More than 40 percent of business users consume social networking applications like blogs, intranets and RSS (really simple syndication) feeds more than three times a week. More than 30 percent of respondents read information in wikis, social networks, discussion boards and videoconferences/IMs more than three times a week. More than 20 percent of respondents contribute to blogs, intranets, social networks, discussion boards, video conferencing and tagging more than three times a week.
For Official Purposes
Dappe found that business users often use these tools for more for official purposes than for personal reasons. Although the study concluded that the initial exposure to these social networking technologies, for early adopters, was in the consumer space, it is increasingly likely that initial exposure to these technologies for many users will come from enterprise applications used in the workplace.
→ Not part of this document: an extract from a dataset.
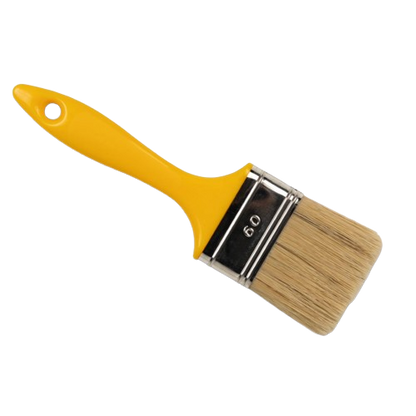 Rubio Monocoat Standard Brush - 60mm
This study revealed that usage of Web 2.0 tools within the workplace was significant and that many entities have not yet centralized the management of these applications. The majority of business users are evaluating, sourcing, paying for and deploying these applications themselves. The majority of Web 2.0 applications implemented in businesses are not managed by an IT department.
Given the rising adoption of these collaborative Web 2.0 technologies, IT departments will soon have the complex task of consolidating solutions and deploying them broadly across the enterprise so that information is in a small number of secure and reliable systems.
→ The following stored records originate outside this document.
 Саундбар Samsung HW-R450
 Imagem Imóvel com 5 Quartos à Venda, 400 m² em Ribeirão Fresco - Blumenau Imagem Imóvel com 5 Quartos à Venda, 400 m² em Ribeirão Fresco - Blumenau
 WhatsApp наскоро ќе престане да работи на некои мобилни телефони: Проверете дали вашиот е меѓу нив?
Earlier this year, IBM implemented an enterprise-wide IT controlled social networking package called Lotus Connections.
The company said it is one part of a range of features designed to take advantage of "real-time presence and communications capabilities."
At the Office 2.0 Conference earlier this month, 28-year-old former investment banker Adam Carson of global financial services firm Morgan Stanley outlined his vision to bring the firm up to speed with Enterprise 2.0. Carson said that Morgan Stanley has 70 to 80 social networking projects underway, many involving creating online communities with clients and wikis.
His ideas are getting traction in part because of the demographics of Morgan Stanley's 55,000 employees. With more than half of their workforce under the age of 35, Carson sees the conversion in communication toward corporation wide collaborative software as a necessity. Over the next decade, the vast majority of workers will have grown up with social networking and be accustomed with using these Web 2.0 applications to communicate and share ideas.
They also use these tools to socialize however, which has prompted some companies to restrict the use of consumer based social networks because of security concerns and loss of productivity.
So while some companies are implementing their own social networks, others are taking measures to restrict access to them.
This makes perfect sense, according to Rich Lyons, a veteran of IT consulting. Lyons, who is president and founder of Lyons Consulting Group (LCG), worked with AAR in the implementation of their social networking applications.
"You have to separate the two out," he said. "Some companies restrict chat, so similarly if you think of MySpace or Facebook as more of a social, communication tool for friends, that company might incorporate those same tools but use them for business purposes. There have been people that have spent two hours a day on MySpace. No way are you going to want that."
These business based communication tools were also safer when it came to security issues, Carson said. They also allowed for easier monitoring of employee communications.
"If it's the property of your company you can monitor the content," he said. "Its much harder to monitor what someone's doing on MySpace, but if your company has installed it, it's much easier. Plus, you can focus on how it's going to help your business. You can set up different forums for discussion and actually use it to foster communication but yet drive efficiency at the same time."